先週、とある人に勧められて、イヤイヤ『東大教師が新入生にすすめる本』(文春新書)を読む。新入生は100冊とか200冊とか変に乱読しないほうがいいのではないでしょうか。ブックガイドの類は、もっと簡潔であるべきではないですか。
例えば、西洋文学を専攻する学生・院生に対しては、私は「聖書とシェイクスピアだけは読んでおけ」と言います。あとはとりあえず要りません。私の愛読書の一つである市河三喜西川正身・清水護編『英文引用句辞典』(研究社)を御覧ください。「The Bible」「Shakespeare」「Miscellaneous」という三部構成になっていて、聖書とシェイクスピアだけで全体の70%以上を占めているわけです。
つまり、西洋文学というのは、それだけ大量に聖書とシェイクスピア作品の「本歌(本説)取り」をしているということで、末端の100冊を読むよりも、そういった「本歌」「本説」――「古典のなかの古典」――を読むことこそが大事なのでは。

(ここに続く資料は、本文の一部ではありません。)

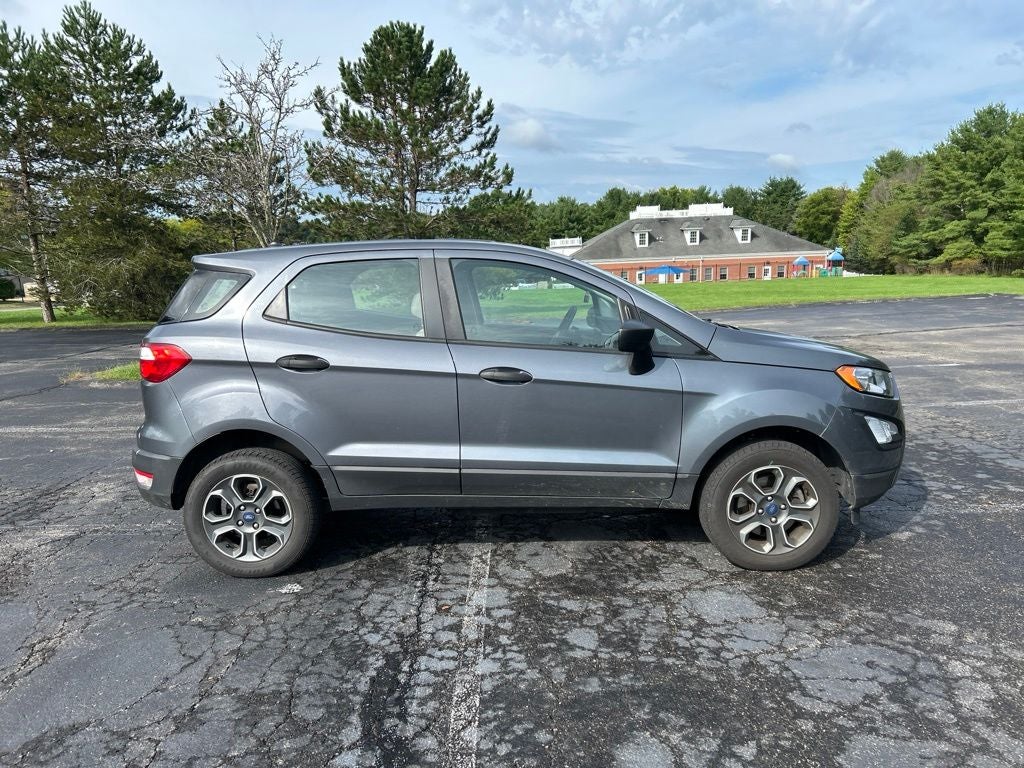 2019 Ford EcoSport S 4WD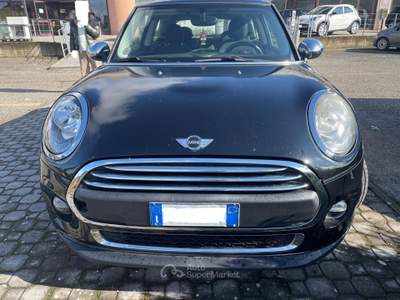MINI One MINI  1.5 ONE D 70 KW Nero usata CORTONA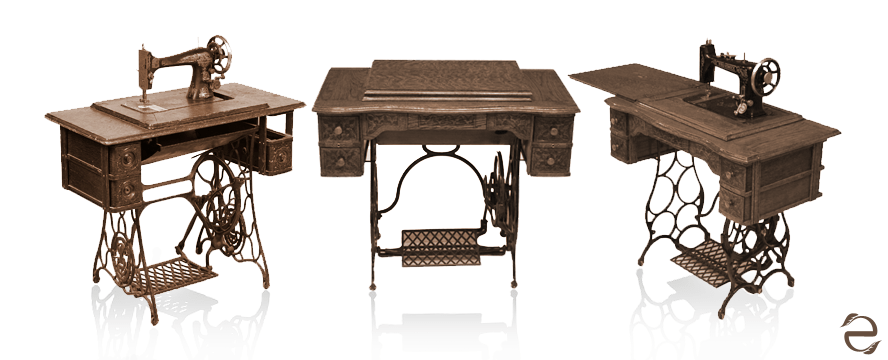 Reusing old Sewing&nbsp;Machines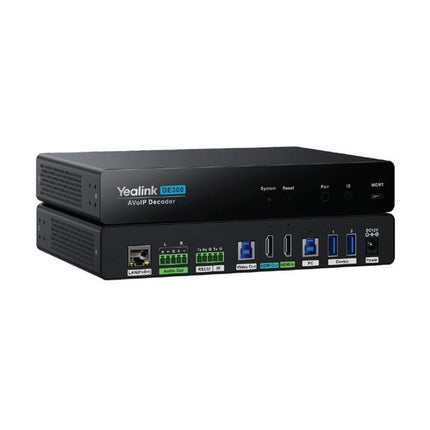Yealink DE300 4K AV-over-IP Decoder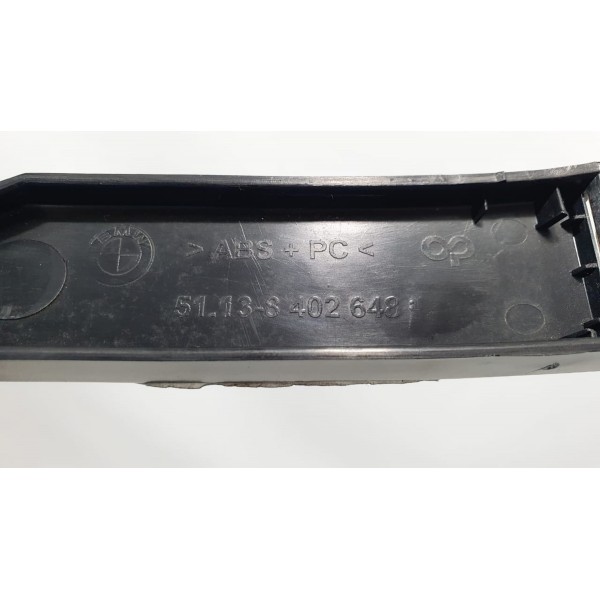 Moldura Inferior Farol L/direito Bmw X5 2003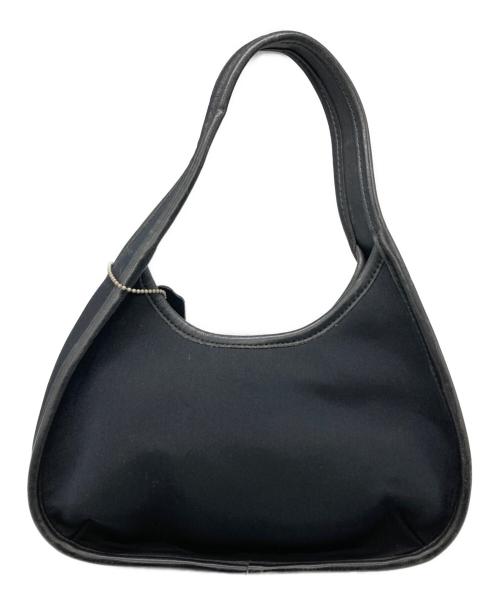 COACH（コーチ）COACH (コーチ) エルゴミニショルダーバッグ ブラックの古着・服飾アイテム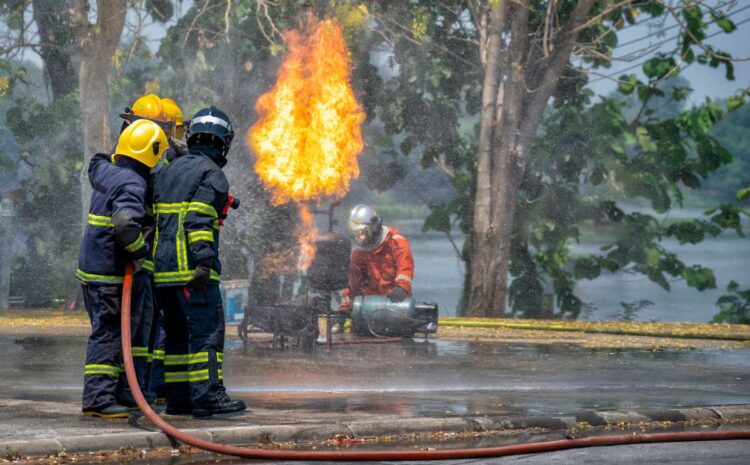 Aggiornamento Antincendio: Corso per Addetti al Rischio Basso (Attività Livello 1)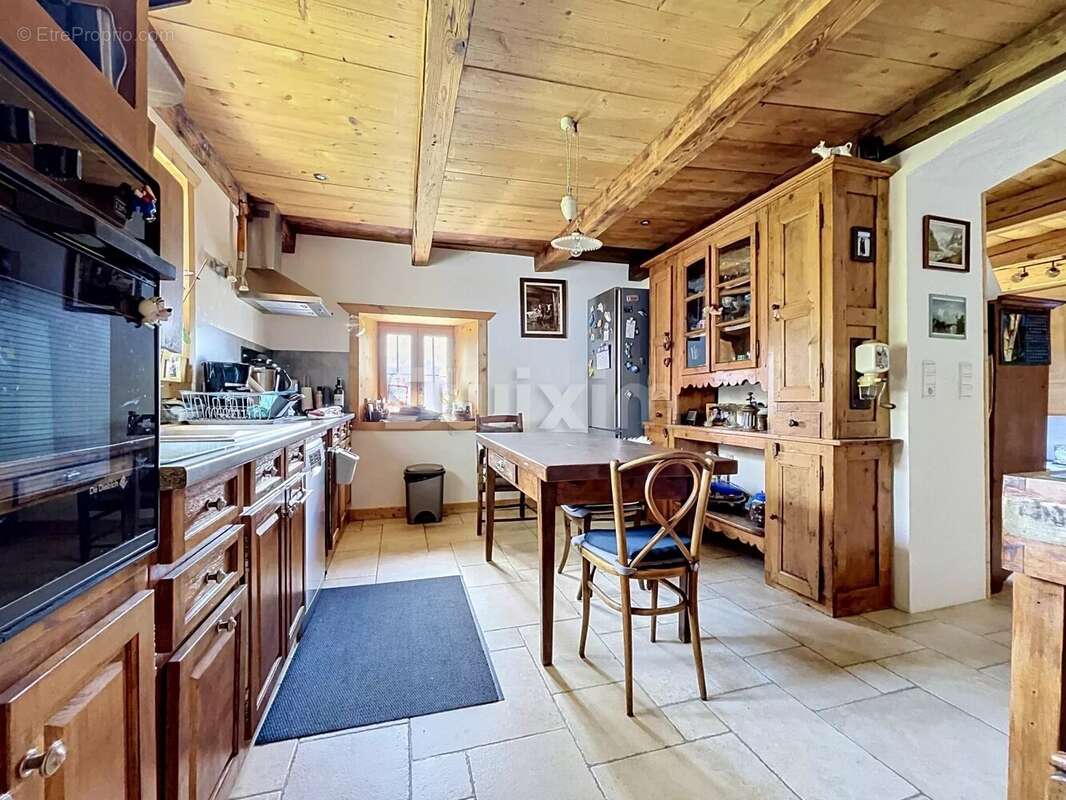 Maison à SALLANCHES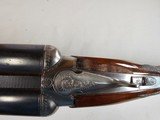 8950
Winchester Model 23 Pigeon 12 Gauge, 28” Barrels, MOD/FULL, 90% condition chips in stock, ejectors, vent rib, 2 white beads, Winchester butt pla - 10 of 20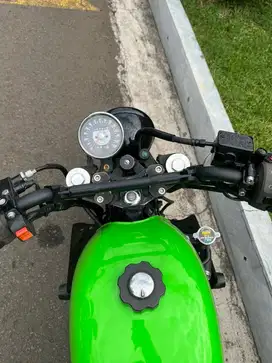Kawasaki Ninja 250 Custom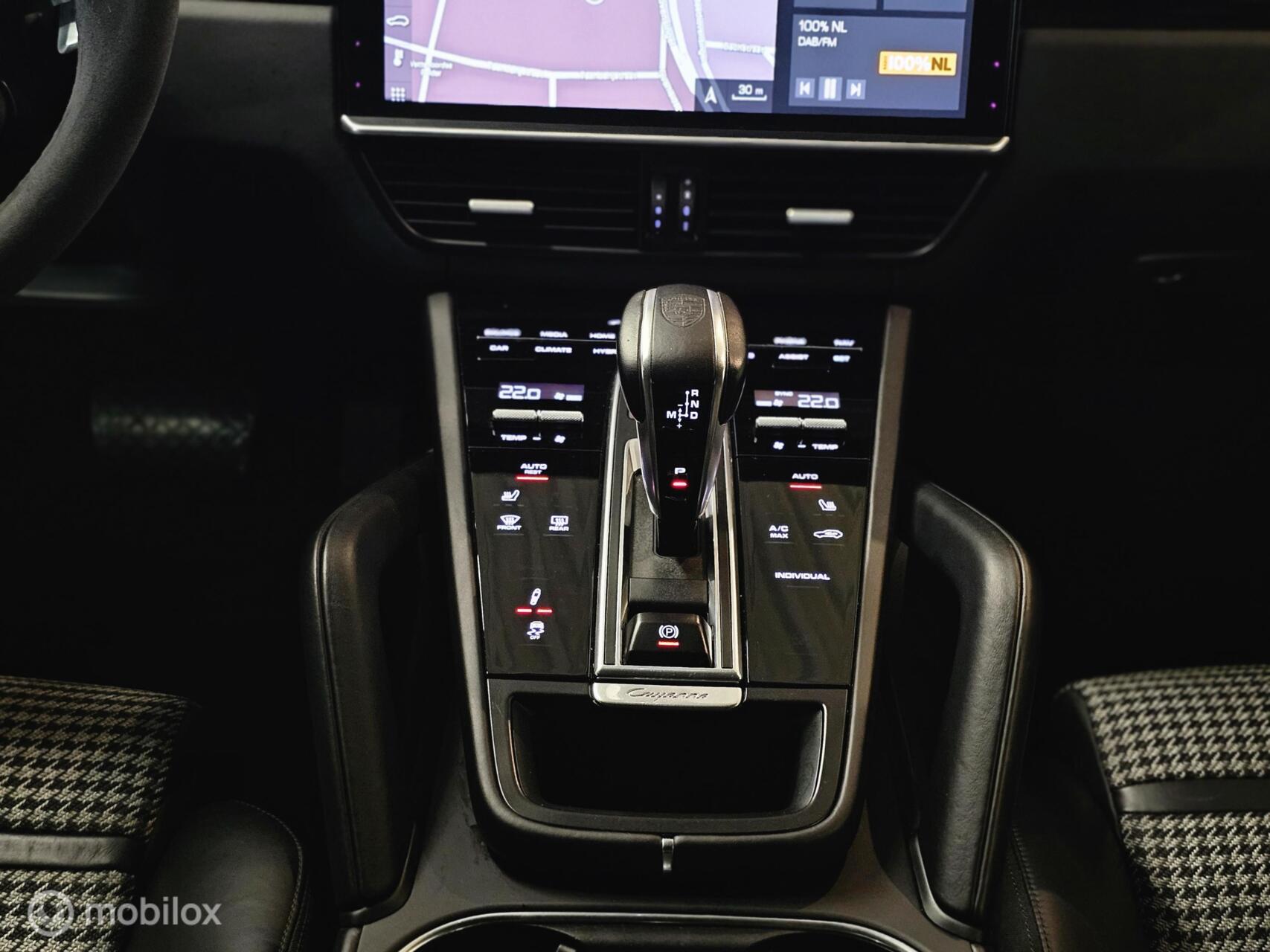 Foto van Porsche Cayenne Coupé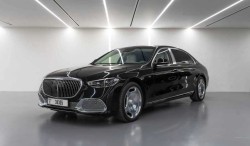 Mercedes Maybach S680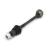 Ax Butuc Spate Mtb Joytech Universal/754DSE - Fix, Negru Ultimate FactoryBikes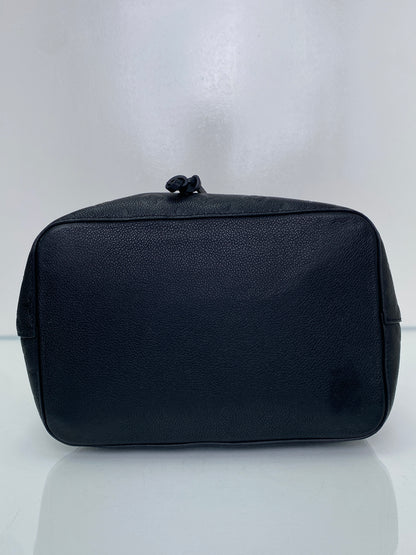 Louis Vuitton Black Monogram Empriente Neonoe MM Bag GHW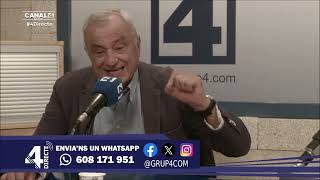 Fulgencio Coll, Vicepresidente de Vox en Baleares y líder del partido en Palma | 16/09/2024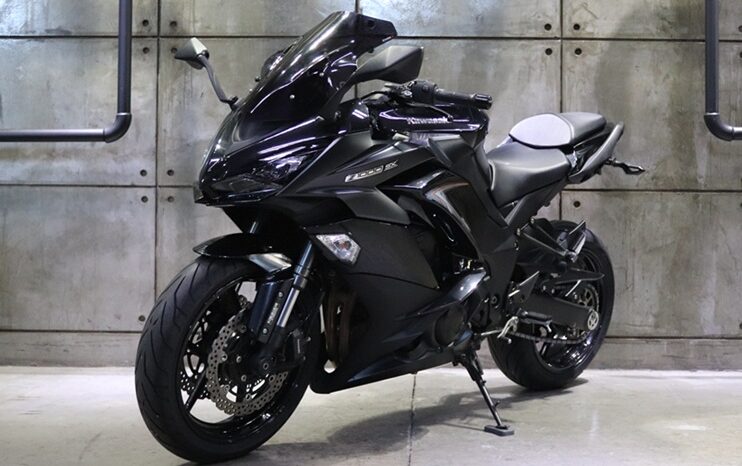2020 Kawasaki Z1000SX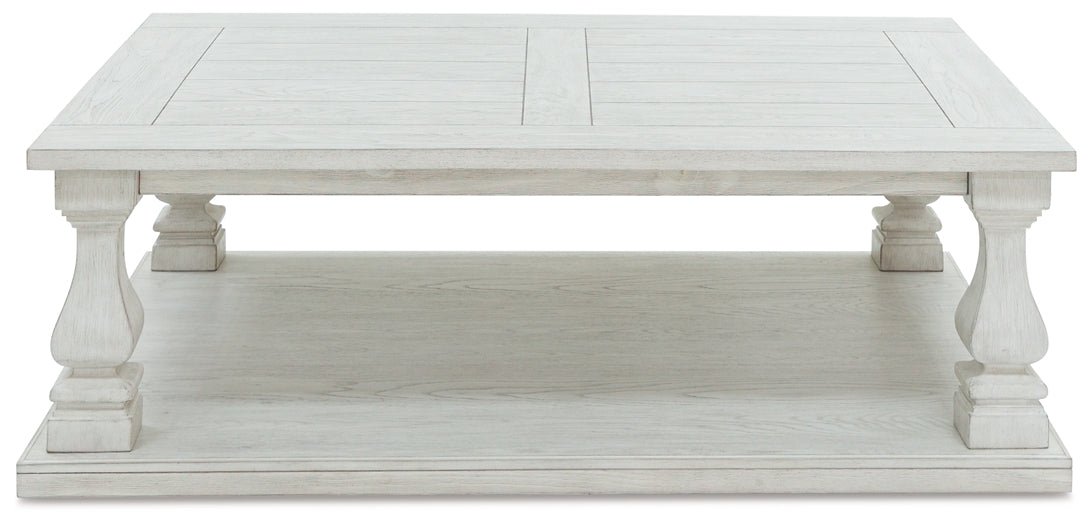 Arlendyne Rectangular Cocktail Table - Image 3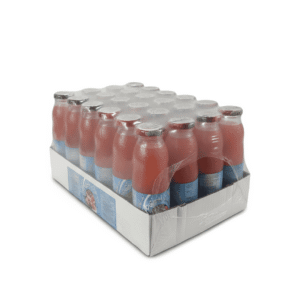 Cocktail Juice – 24 Pack (Glass Bottles)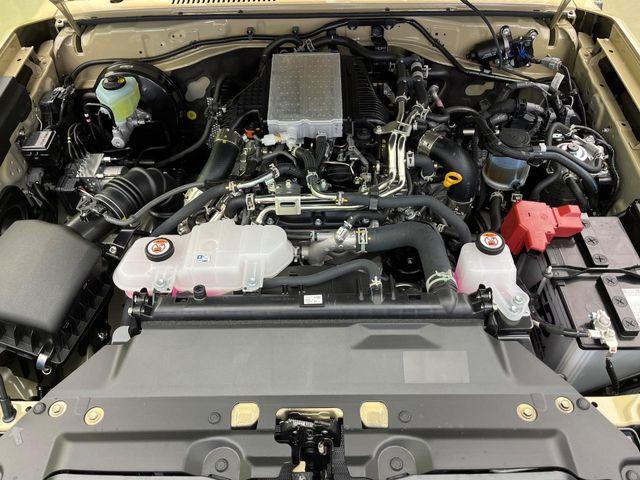 ランドクルーザー70(新潟県新潟市南区)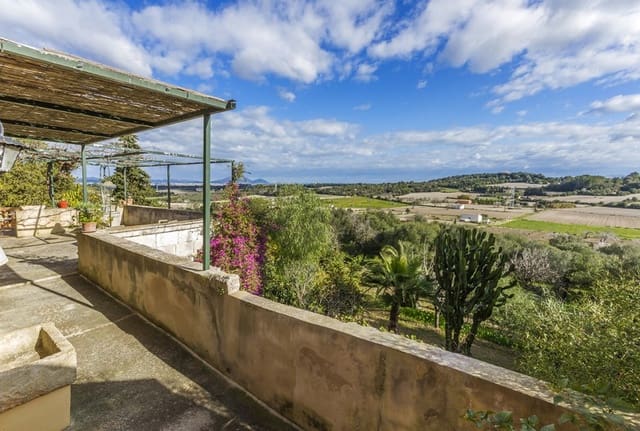 5 soveværelse Byhus til salg i Muro med garage - € 1.300.000 (Ref: 5222382)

というわけで、営業妨害をするつもりはないですが、『東大教師が新入生にすすめる本』を手にして、そこに紹介されている本(かなり大量ですが・・・)を読破しようとしている、そこのアナタ、そんなのはいいから、聖書 *1シェイクスピア *2 をどうぞ。これらを読破するだけで相当時間がかかりますが・・・。

*1:新共同訳でいいでしょう。「外典」にも目を通したい。

*2:なかでも『ハムレット』の影響力は圧倒的ですね。ある貴婦人が『ハムレット』を初めて読んだときの感想が、「まあ、『ハムレット』って、引用文ばかりなのね(full of quotations)」だった、という西洋の笑い話があるほどです。もちろんこれは、『ハムレット』の表現を後世の作家が非常に多く取り込んでいて、また、人々の普段の会話でも何気なく『ハムレット』を引用して、人口に膾炙していたというオチ。